TGFβ1 Secretion in Megakaryocytes Is Autophagy-Dependent and Its Inhibition Ameliorates Myelofibrosis in Mice

Megakaryocytes (MKs) are large, polyploid platelet precursor cells that primarily reside within the bone marrow. Recent advances revealed that in addition to platelet production, MKs contribute to immunity and maintenance of bone marrow homeostasis, raising the question of whether these functions are hijacked in disease. One hallmark of primary and secondary myelofibrosis (MF), subsets of myeloproliferative neoplasms, is the accumulation of aberrant, immature MKs in the bone marrow. These release pro-fibrotic cytokines such as transforming growth factor β1 (TGFβ1) and interleukin 1β (IL1β) into the bone marrow, thus inducing fibrotic alterations that ultimately cause pancytopenia - the major cause of mortality in patients with MF. While current treatment strategies in MF aim to prevent MK proliferation and correct the differentiation defects, a direct targeting of cytokine release from MKs has not yet been explored. Recently, unconventional secretion of TGFβ1 and IL1β via secretory autophagy, a secretion pathway driven by the fusion of autophagosomes with the plasma membrane, has been shown to occur in other cell types. We therefore hypothesize that MKs may preferentially utilize secretory autophagy for cytokine release and that inhibiting autophagosome formation might therefore slow fibrosis progression in vivo.

Previous studies suggested that TGFβ1 is stored within specialized α-granules in MKs. To test this, we cultured murine MKs and determined TGFβ1 co-localization with different α-granule proteins by super-resolution confocal microscopy. However, while we did not identify any correlation between TGFβ1 and α-granules, we found that TGFβ1 strongly co-localized with the autophagy marker light chain (LC) 3B, supporting a potential role for secretory autophagy. To investigate this, we disrupted secretory autophagy by inhibiting the GTPase RhoA and its downstream effector Rho kinase (ROCK), which were previously shown to promote autophagosome formation. Treatment of MKs with inhibitors of autophagy or RhoA/ROCK markedly reduced TGFβ1 secretion in vitro and led to intracellular accumulation of TGFβ1. Taken together, these data suggest that TGFβ1 is secreted by MKs via secretory autophagy.
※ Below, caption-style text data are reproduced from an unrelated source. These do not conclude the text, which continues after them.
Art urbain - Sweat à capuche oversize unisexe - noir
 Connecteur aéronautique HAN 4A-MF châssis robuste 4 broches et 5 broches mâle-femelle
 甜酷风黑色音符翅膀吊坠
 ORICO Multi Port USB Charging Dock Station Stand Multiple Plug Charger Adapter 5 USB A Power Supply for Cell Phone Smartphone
To examine whether secretory autophagy in MKs contributes to disease pathogenesis in vivo, we employed an MPL^W515L-driven transplant model. Basal autophagy measured by LC3B conversion and RhoA protein levels were increased in platelets derived from mice with MPL^W515L-driven MF. Conditional deletion of the essential autophagy gene Atg5 from the hematopoietic system (Mx1-Cre⁺; Atg5^fl/fl mice) prevented leukocytosis, MK clustering and aberrant TGFβ1 secretion in the MPL^W515L-driven transplant model, indicating that autophagy promotes the initiation of MF. Furthermore, MPL^W515L-transplanted mice treated with a low-dose ROCK inhibitor (ROCKi) - several of which are FDA-approved - reduced MK clustering and fibrosis in spleens and femurs of treated mice (Figure 1a, b). To further verify our data, we utilized a second preclinical mouse model of MF - a knockout mouse lacking the inhibitory MK receptor G6b-B (Mpig6b^-/-), which exhibits thrombocytopenia, MK clustering and MF. In line with our previous findings, conditional deletion of Rhoa in MK lineage cells in Pf4-Cre⁺; Rhoa^fl/fl; Mpig6b^-/- mice normalized TGFβ1 levels within the bone marrow and protected against the development of fibrosis in bone marrow and spleen. In ongoing work, ROCK inhibitors are further being tested in higher doses alone or in combination with the JAK2 inhibitor ruxolitinib.

Overall, our data suggest that TGFβ1 secretion is uncoupled from conventional granule secretion in MKs and is instead dependent on RhoA/autophagy signaling pathways. Targeting these pathways in aberrant MKs represents a new potential therapeutic target in the treatment of MF.